### Task details
In the entries below, begin at the line that has "Skechers 232930-BLK Glide", stop after the line that has "[NS]月姬格斗|官方中文|本体+1.4.3+25DLC|NSZ|原版|", and output those lines exactly with no pictures.

### Data under study
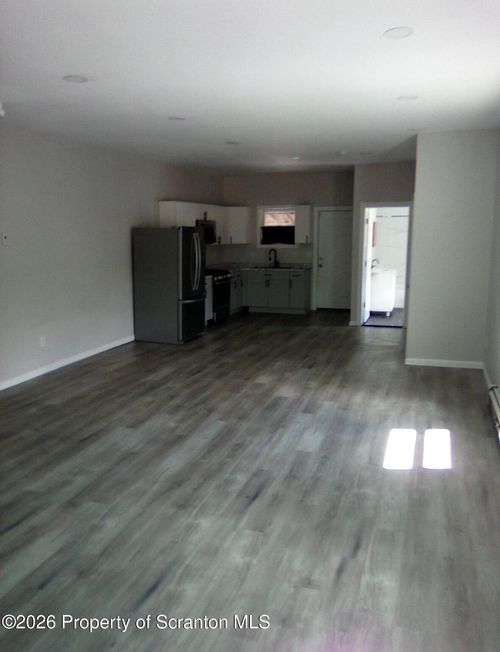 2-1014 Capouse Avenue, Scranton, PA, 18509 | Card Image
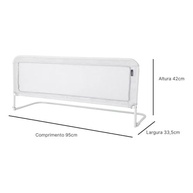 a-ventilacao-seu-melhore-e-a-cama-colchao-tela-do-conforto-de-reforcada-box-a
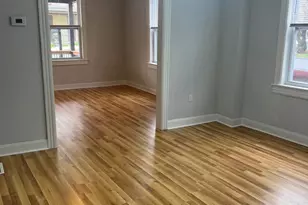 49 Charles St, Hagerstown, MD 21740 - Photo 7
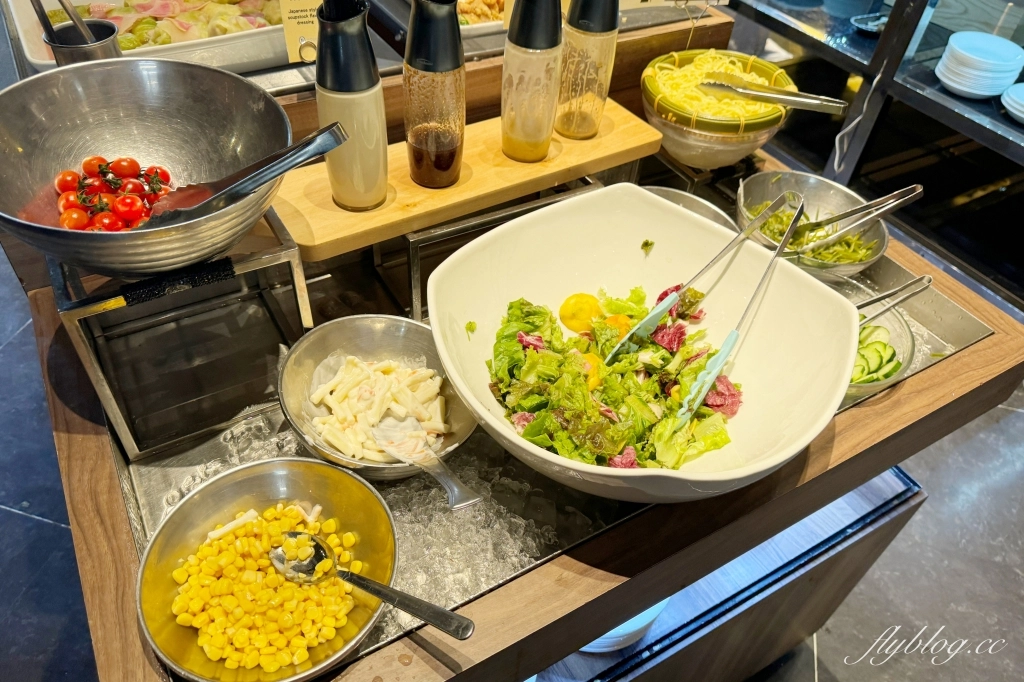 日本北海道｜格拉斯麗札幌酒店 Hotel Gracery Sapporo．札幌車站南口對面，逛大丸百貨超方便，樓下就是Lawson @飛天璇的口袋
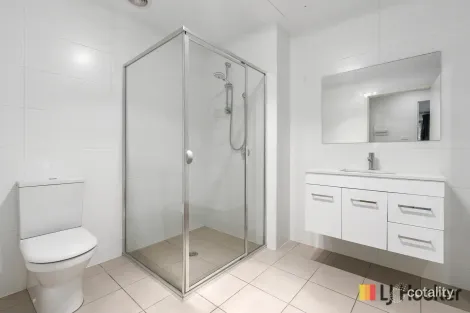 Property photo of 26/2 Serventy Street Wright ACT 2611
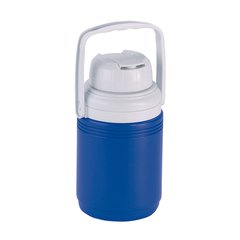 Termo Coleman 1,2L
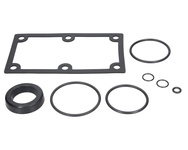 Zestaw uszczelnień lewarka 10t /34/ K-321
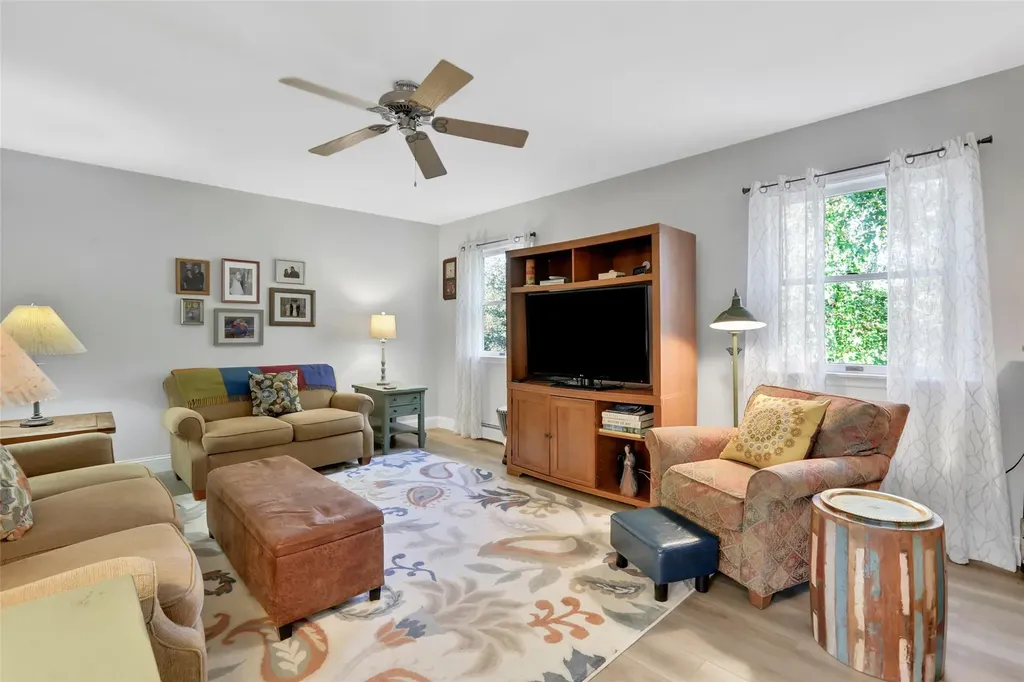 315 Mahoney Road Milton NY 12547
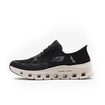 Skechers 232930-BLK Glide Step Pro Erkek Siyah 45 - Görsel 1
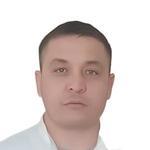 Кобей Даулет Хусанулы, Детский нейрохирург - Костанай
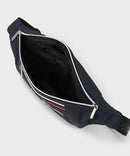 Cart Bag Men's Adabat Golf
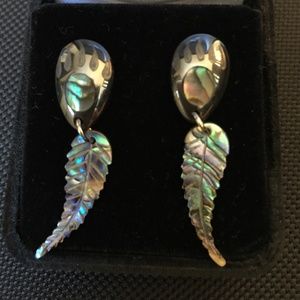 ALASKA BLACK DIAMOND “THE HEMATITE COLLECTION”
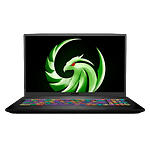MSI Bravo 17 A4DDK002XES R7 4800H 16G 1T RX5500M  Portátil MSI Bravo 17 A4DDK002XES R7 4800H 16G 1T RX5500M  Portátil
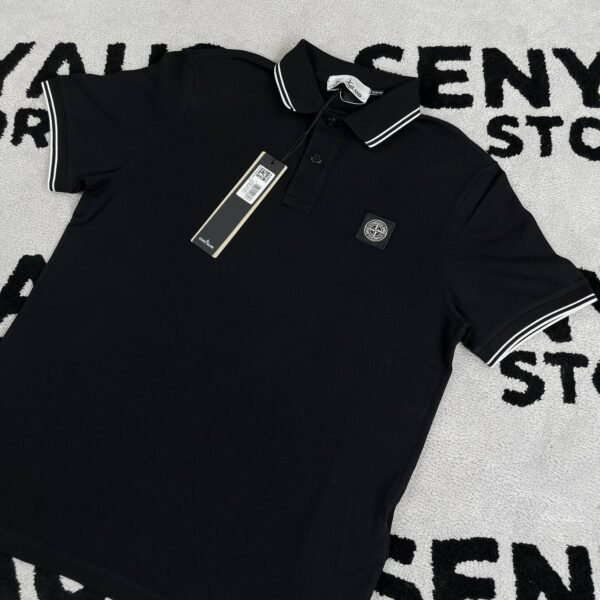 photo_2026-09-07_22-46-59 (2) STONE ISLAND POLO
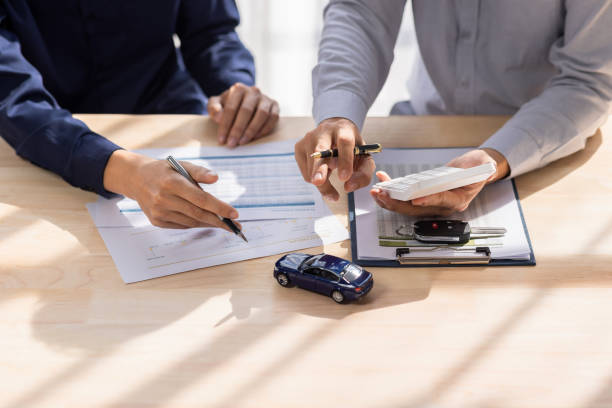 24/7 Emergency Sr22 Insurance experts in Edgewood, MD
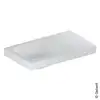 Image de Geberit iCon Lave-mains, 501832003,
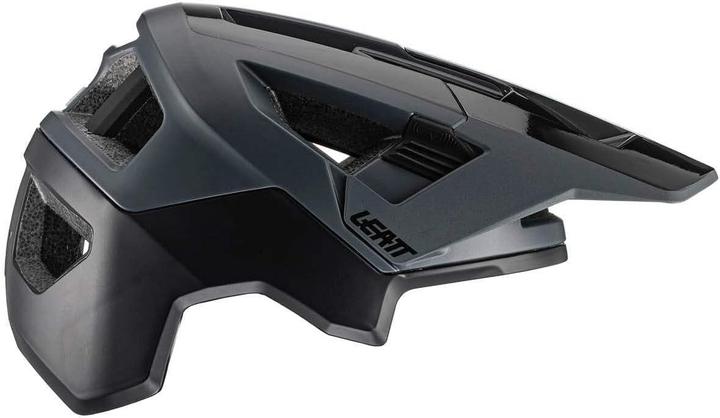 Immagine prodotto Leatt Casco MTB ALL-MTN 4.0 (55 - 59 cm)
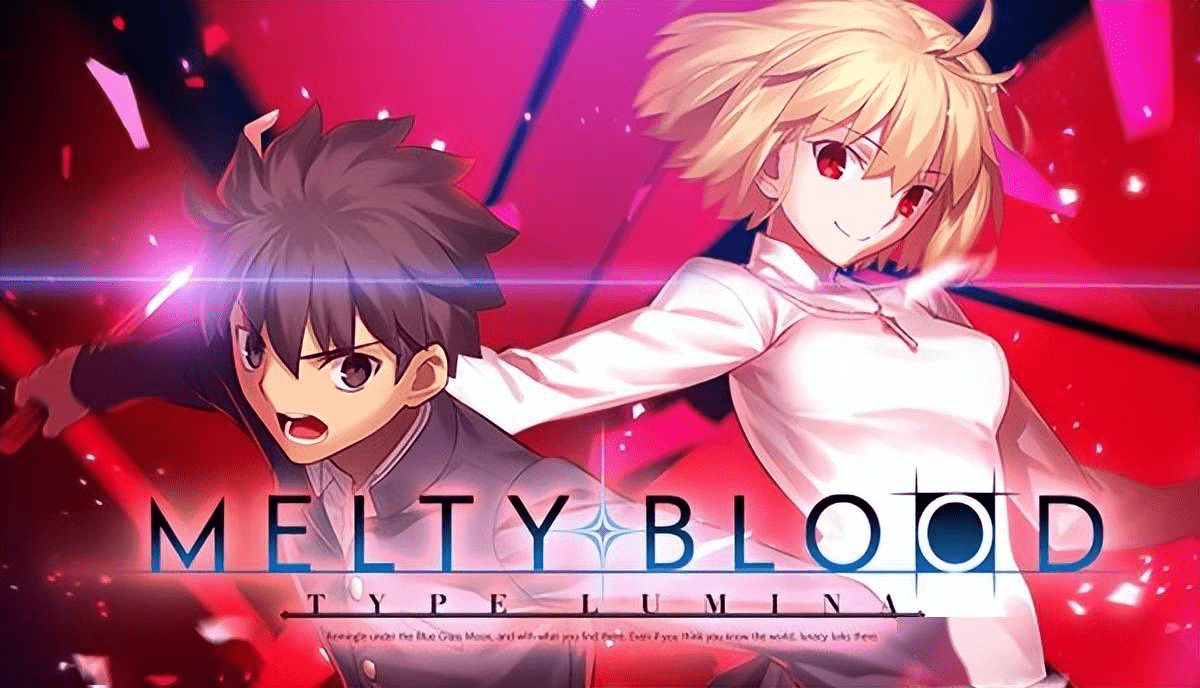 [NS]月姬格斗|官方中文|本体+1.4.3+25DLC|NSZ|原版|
...
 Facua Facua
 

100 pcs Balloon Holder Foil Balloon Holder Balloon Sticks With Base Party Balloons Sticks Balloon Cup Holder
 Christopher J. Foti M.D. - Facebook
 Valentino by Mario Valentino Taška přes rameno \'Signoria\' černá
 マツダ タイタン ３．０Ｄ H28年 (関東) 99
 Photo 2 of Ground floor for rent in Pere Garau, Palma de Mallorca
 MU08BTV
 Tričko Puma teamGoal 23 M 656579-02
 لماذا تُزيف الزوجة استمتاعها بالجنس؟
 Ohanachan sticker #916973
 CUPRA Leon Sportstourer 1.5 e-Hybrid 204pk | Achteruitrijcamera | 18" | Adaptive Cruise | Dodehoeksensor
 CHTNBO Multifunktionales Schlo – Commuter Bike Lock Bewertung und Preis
--
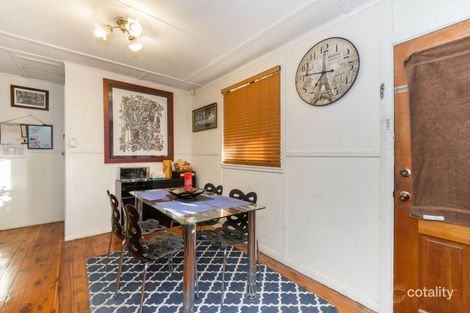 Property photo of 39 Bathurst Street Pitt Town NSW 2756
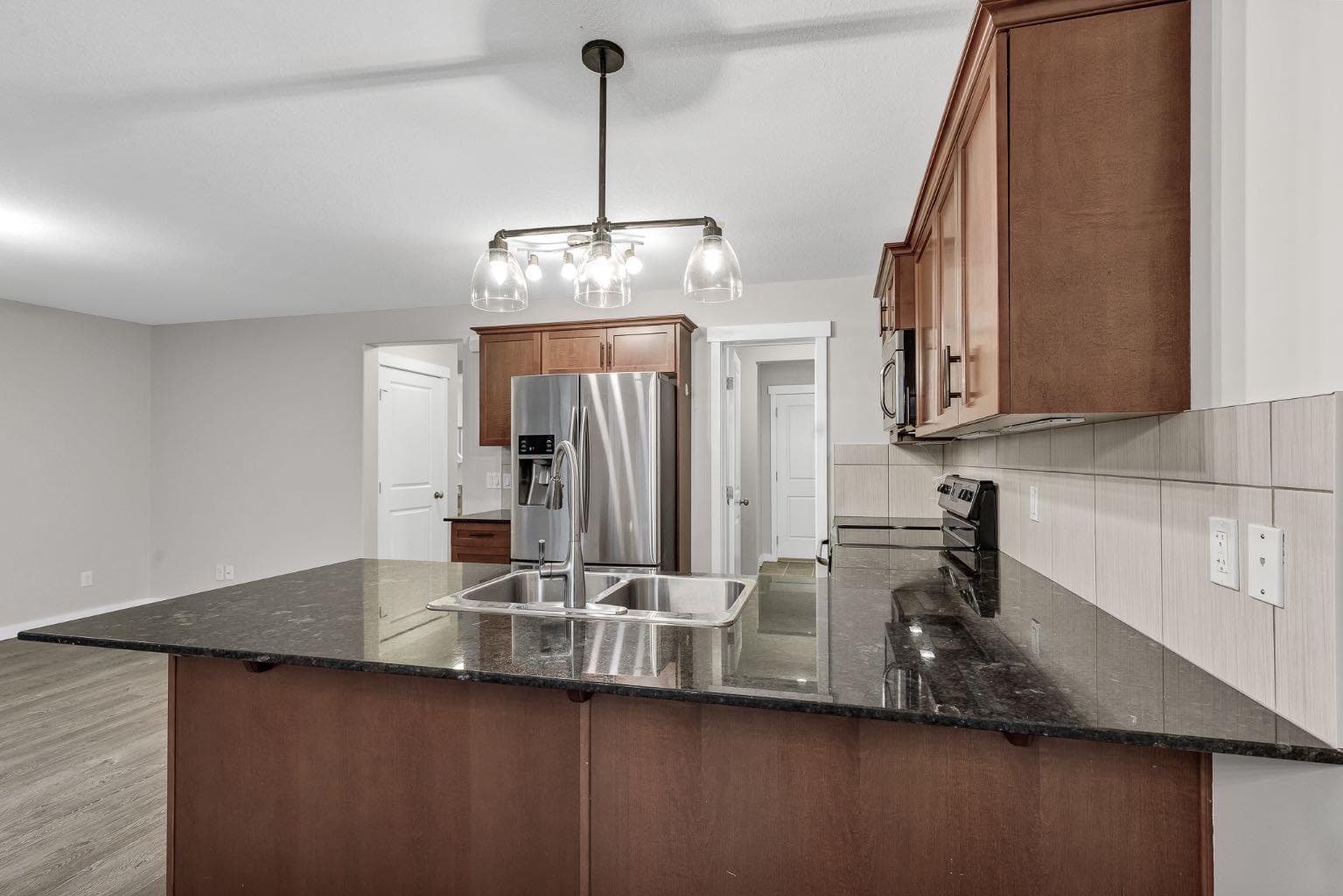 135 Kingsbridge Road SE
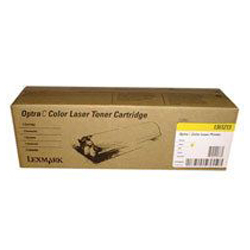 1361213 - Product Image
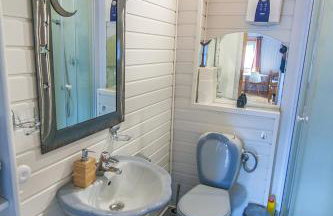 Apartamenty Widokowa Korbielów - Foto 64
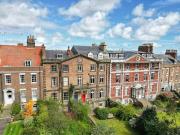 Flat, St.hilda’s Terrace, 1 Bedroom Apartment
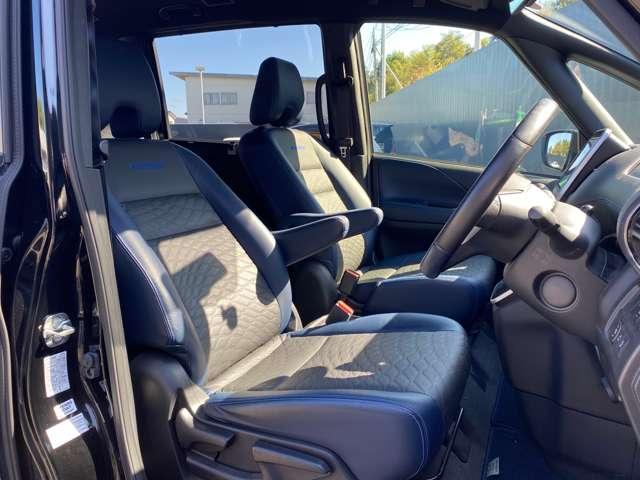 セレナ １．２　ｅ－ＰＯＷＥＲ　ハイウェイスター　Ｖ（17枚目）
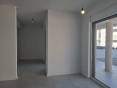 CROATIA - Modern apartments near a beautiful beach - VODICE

### Response below
 Skechers 232930-BLK Glide Step Pro Erkek Siyah 45 - Görsel 1
 Кобей Даулет Хусанулы, Детский нейрохирург - Костанай
 Cart Bag Men's Adabat Golf
 ALASKA BLACK DIAMOND “THE HEMATITE COLLECTION”
MSI Bravo 17 A4DDK002XES R7 4800H 16G 1T RX5500M  Portátil MSI Bravo 17 A4DDK002XES R7 4800H 16G 1T RX5500M  Portátil
 photo_2026-09-07_22-46-59 (2) STONE ISLAND POLO
 24/7 Emergency Sr22 Insurance experts in Edgewood, MD
 Image de Geberit iCon Lave-mains, 501832003,
 Immagine prodotto Leatt Casco MTB ALL-MTN 4.0 (55 - 59 cm)
 [NS]月姬格斗|官方中文|本体+1.4.3+25DLC|NSZ|原版|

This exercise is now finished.